M'sieur Pierre, que estaba revolviendo su té, bajó los ojos modestamente.
—¿Qué quiere decir esta escapada?-preguntó Rodrig Ivanovich a través del goteante jugo de melón—. ¡Para no mencionar el hecho de que está contra todas las reglas!
—Déjelos —dijo M'sieur Pierre sin levantar los ojos—. Después de todo, son dos niños.
—Ya terminan sus vacaciones, y quiere hacer su última travesura —señaló la esposa del director.
Emmie se sentó a la mesa arrastrando su silla deliberadamente, ajetreándose y mojándose los labios, y habiéndose olvidado por completo de Cincinnatus, comenzó a esparcer azúcar (que inmediatamente tomó un color anaranjado) sobre su afelpada tajada del melón; hecho esto se dedicó a morderla diligentemente, sosteniéndola de las puntas, que le llegaban a las orejas, y empujando a su vecino con el codo. Éste continuaba sorbiendo el té, sosteniendo la cuchara fuera del vaso entre el segundo y tercer dedos, pero disimuladamente metió la mano izquierda debajo de la mesa. —¡Eek! —gritó Emmie y pegó un salto como si le hicieran cosquillas, pero sin quitar la boca del melón.

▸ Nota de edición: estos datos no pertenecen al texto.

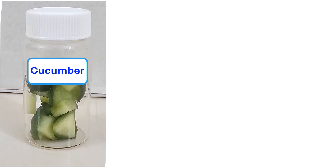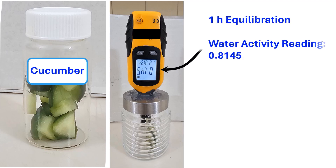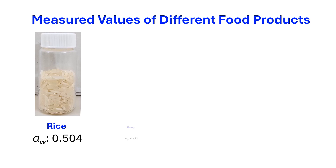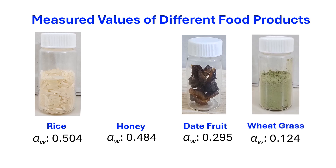We measured water activity of fresh cucumber, honey, white rice, dried fruit, and dried wheat grass powder. The sample holder and water activity reading are shown. After one hour equilibration, the reading was 0.8145. Using correction factor 1.20, the water activity of fresh cucumber was 0.972. For white rice, it was 0.504. For honey, it was 0.484. For dried fruit, it was 0.295. And for dried wheat grass powder, it was 0.124. The product range covered nearly the complete range of water activity of foods, that is 0.124 to 0.972.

—Siéntese allí por ahora —dijo el director indicándole a Cincinnatus con su cuchillo de fruta un sillón verde cuyo respaldo tenía una cubierta que se destacaba en la adamascada oscuridad junto a los pliegues de las cortinas de la ventana—. Cuando terminemos lo llevaré de vuelta. Le dije que se siente. ¿Qué le pasa a usted? ¿Qué le sucede a éste? ¡Qué tipo estúpido!
M'sieur Pierre se inclinó hacia Rodrig Ivanovich y ruborizándose ligeramente, le comunicó algo.
La laringe de éste último emitió un trueno corriente.
—Bueno, felicitaciones, felicitaciones —dijo reprimiendo con dificultad la alegría de su voz—. ¡Ésta sí que es una buena noticia! Ya es tiempo de que se lo diga a él —todos nosotros...— Miró a Cincinnatus y estaba ya a punto de lanzarse a un ceremonioso...
—No, todavía no, querido amigo, no me ponga en aprietos —murmuró M'sieur Pierre tocándole la manga.
—En todo caso, no me rechazará usted otro vaso de té —dijo Rodrig Ivanovich juguetonamente, y luego, después de un momento de reflexión y un poco de mordisqueo, se dirigió a Cincinnatus.